Exercise data |
•••••
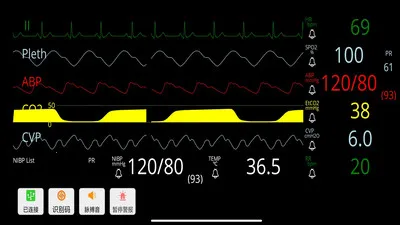 ģ��໤�����������ֻ���v1.0.2 �ٷ������ͼ2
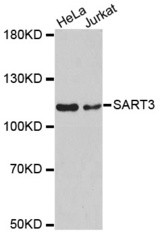 Western blot analysis of extracts of various cell lines, using SART3 antibody.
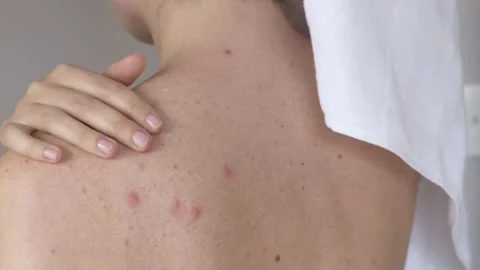 Woman touching sensitive back with acne and irritation. Sensitive skin reacts Stock Footage 331573773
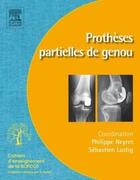 Couverture du livre « Prothèses partielles du genou » de Philippe Neyret aux éditions Elsevier-masson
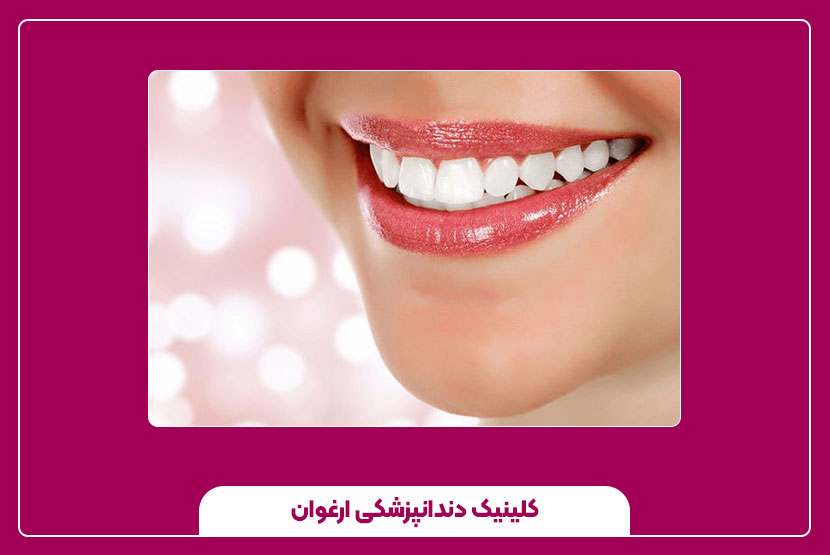 هزینه انجام ونیز کامپوزیت و عوامل تأثیرگذار بر آن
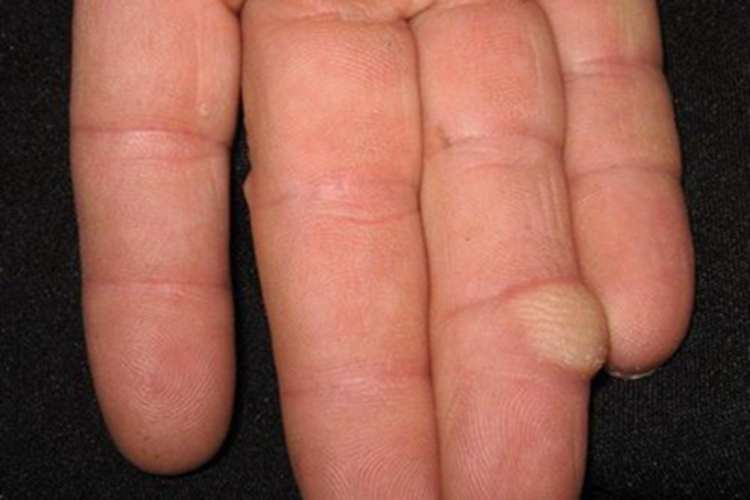 腱鞘巨细胞瘤手指硬疙瘩图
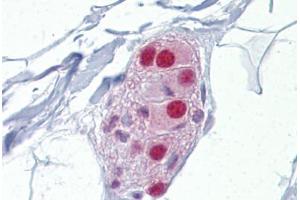 Anti-NR3C1 / Glucocorticoid Receptor antibody IHC staining of human colon, submucosal plexus. (Glucocorticoid Receptor antibody  (AA 180-229))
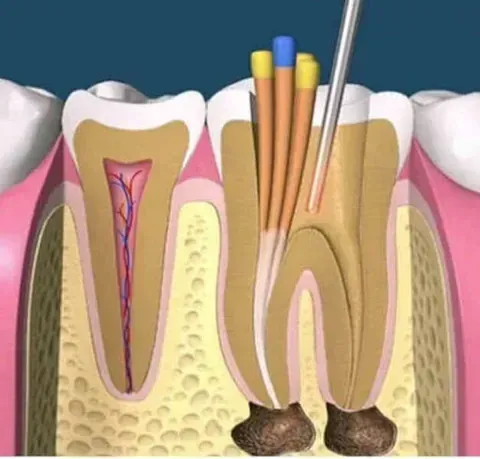 Un primer plano de un diente con una aguja saliendo de él.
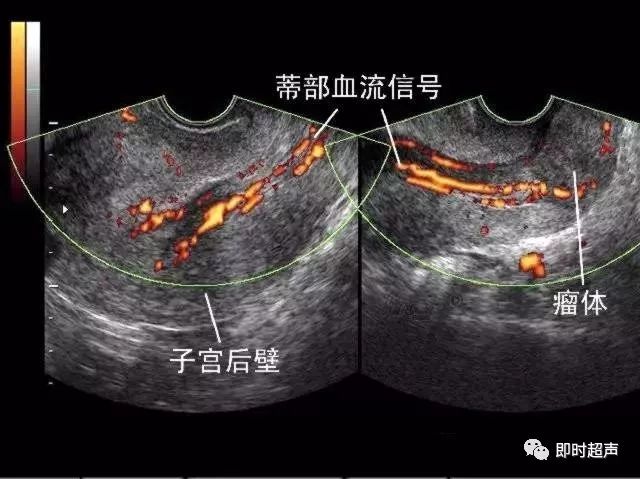 子宮肌瘤超聲分類診斷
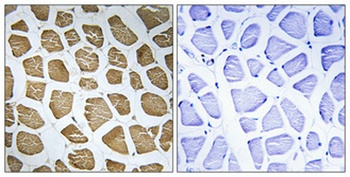 MRP-S22 antibody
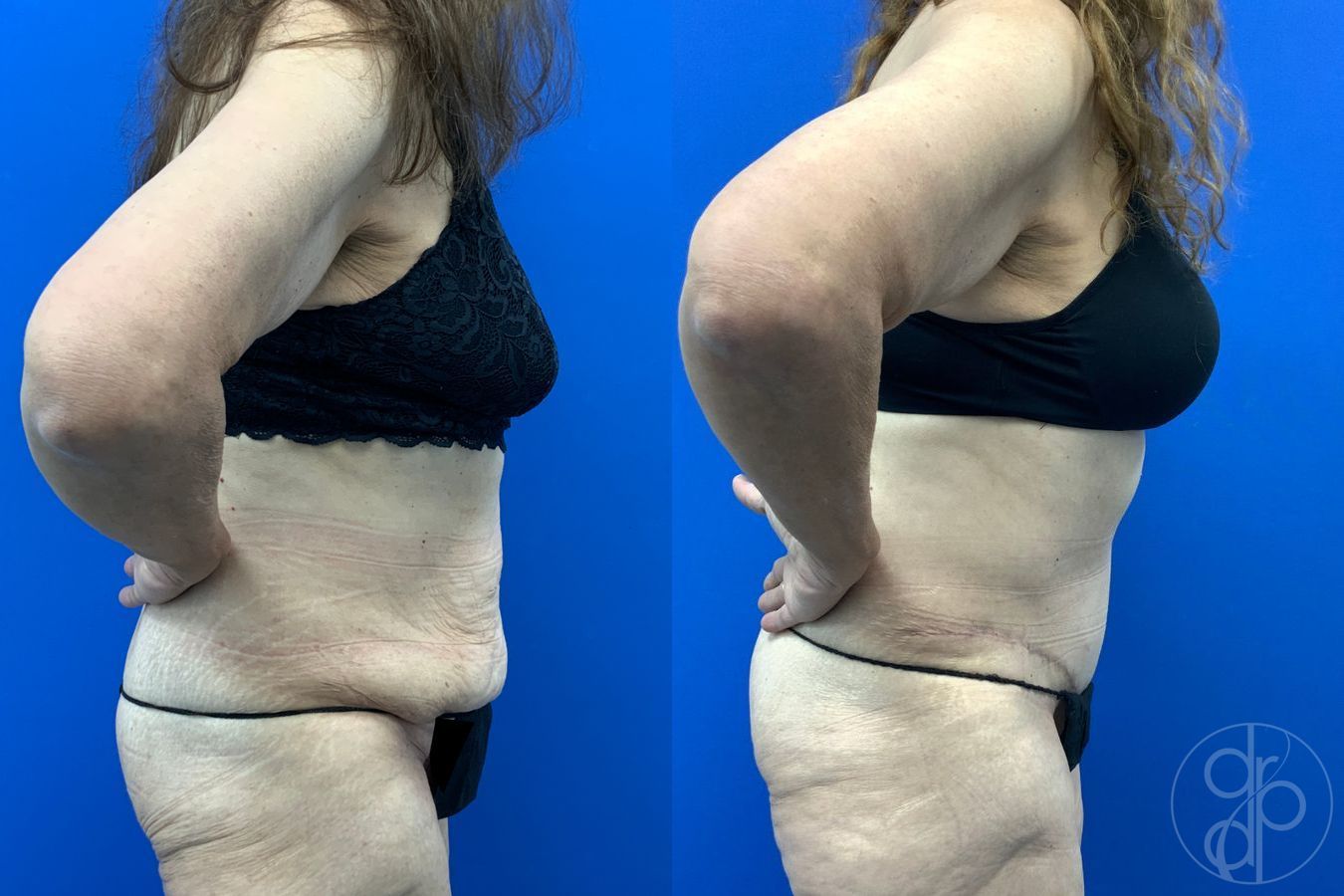 Before and after Abdominoplasty case 43198 - Angle 6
•••••
Exercise details |
Without any of its pictures, the listing is to be repeated exactly as it stands.

Solution |
 ģ��໤�����������ֻ���v1.0.2 �ٷ������ͼ2
 Western blot analysis of extracts of various cell lines, using SART3 antibody.
 Woman touching sensitive back with acne and irritation. Sensitive skin reacts Stock Footage 331573773
 Couverture du livre « Prothèses partielles du genou » de Philippe Neyret aux éditions Elsevier-masson
 هزینه انجام ونیز کامپوزیت و عوامل تأثیرگذار بر آن
 腱鞘巨细胞瘤手指硬疙瘩图
 Anti-NR3C1 / Glucocorticoid Receptor antibody IHC staining of human colon, submucosal plexus. (Glucocorticoid Receptor antibody  (AA 180-229))
 Un primer plano de un diente con una aguja saliendo de él.
 子宮肌瘤超聲分類診斷
 MRP-S22 antibody
 Before and after Abdominoplasty case 43198 - Angle 6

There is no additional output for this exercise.